Neue Männer braucht der Verband: Keine Zivis mehr, kaum Bufdis
Er ist ein rares und umso nachahmenswerteres Beispiel: Nach der Aussetzung des Zivildienstes zur Jahresmitte leistet Tim Reineke als erster und bislang einziger Bundesfreiwilligendienstler wertvolle Pflege- und Betreuungsarbeit in der "Schule am Haus Langendreer" des Landschaftsverbandes Westfalen-Lippe (LWL) in Bochum.
Die Arbeit mit schwer gehandicapten Kindern und Jugendlichen der LWL-Förderschule (294 Schüler) mit dem Förderschwerpunkt körperliche und motorische Entwicklung "macht mir sehr viel Freude", sagt der Abiturient nach den ersten sechs Wochen bei seiner Anfangsbilanz mit Schulverwaltungsleiter Franz Dircks.
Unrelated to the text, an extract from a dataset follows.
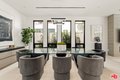 Additional image 19 of 818 N Curson Ave, Los Angeles, CA, 90046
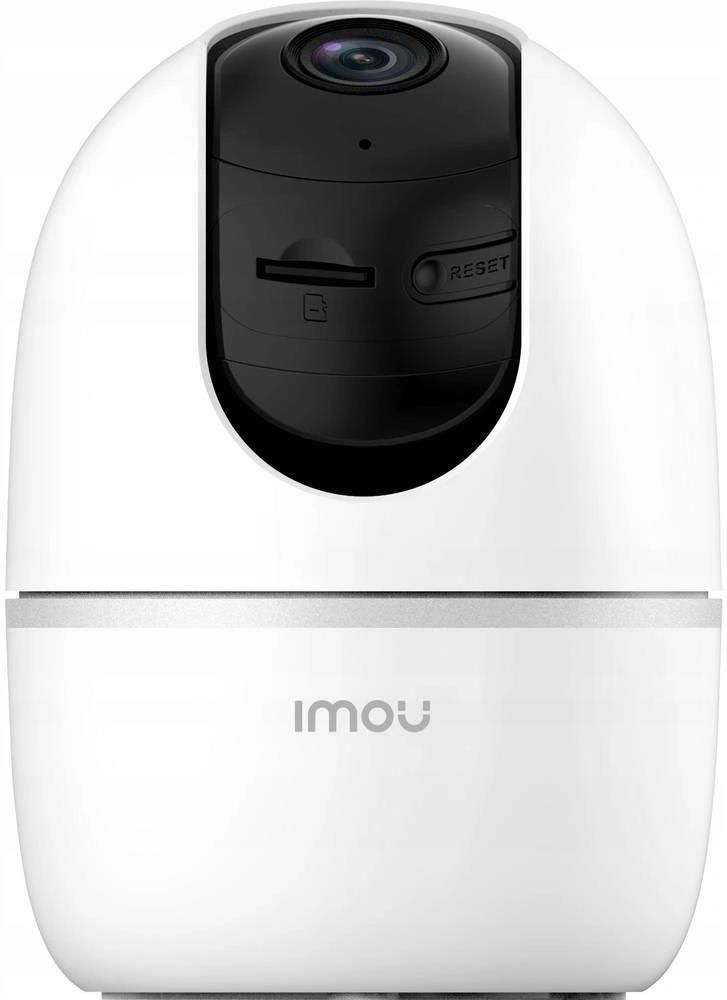 IMOU RANGER 2 4MP (IPC-A42P) - zdjęcie 2 IMOU RANGER 2 4MP (IPC-A42P)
Nach dem zwölfmonatigen Dienst will Tim Reineke im Fachgebiet bleiben und Sonderpädagogik studieren. Dabei wird ihm die "Bufdi"-Zeit auf die Praktika angerechnet.
Trotz intensiven Werbens um die neuen Freiwilligen via facebook, twitter und eigener Website: Fast 60 Plätze in der Pflegeunterstützung für die behinderten Kinder und Jugendlichen drohten in 15 betroffenen LWL-Förderschulen nach Wegfall der Zivis leer zu bleiben. Nur dank des Einsatzes von Menschen im Freiwilligen Sozialen Jahr (FSJ) und der Einstellung tariflicher Pflegehilfskräfte konnte die drohende Versorgungslücke zum diesjährigen Schuljahresbeginn nach den Sommerferien geschlossen werden.
Wenn der Mangel an Bufdis bleibt wie bisher, kann das dem Schulträger LWL ab dem nächsten Schuljahr 2012/13 zwischen 700.000 und 1,4 Millionen Euro mehr Personalkosten eintragen - je nach Anzahl teurer tarifgebundener Neueinstellungen.
Aber egal ob Bufdis, FSJ-Kräfte oder neue Tarifbeschäftigte - ein weiteres Manko erleben Schulverwaltungsleiter Franz Dircks und Kollegen schon jetzt: "Ohne Zivis fehlt uns überall männliches Personal. Es ist vor allem bei der kraftaufwändigen Pflege älterer und entsprechend schwergewichtiger Jugendlicher mit Behinderungen unverzichtbar, in vielen Fällen auch zur Wahrung der Intimsphäre." Vor allem bei den FSJlern bewerben sich allerdings fast nur Frauen.
Über die gezielte Ansprache von männlichen Schulabsolventen hinaus müssen die Verantwortlichen ein Lösungskonzept für dieses Problem noch erarbeiten.
Die politischen Gremien des LWL wollen das jetzt erstmals in seiner Gesamtheit für den LWL aufgezeigte Thema in einem Jahr erneut beraten. Tim Reineke dürfte dann schon nicht mehr Bufdi, sondern durch und durch praxiserfahrener Student der Sonderpädagogik sein.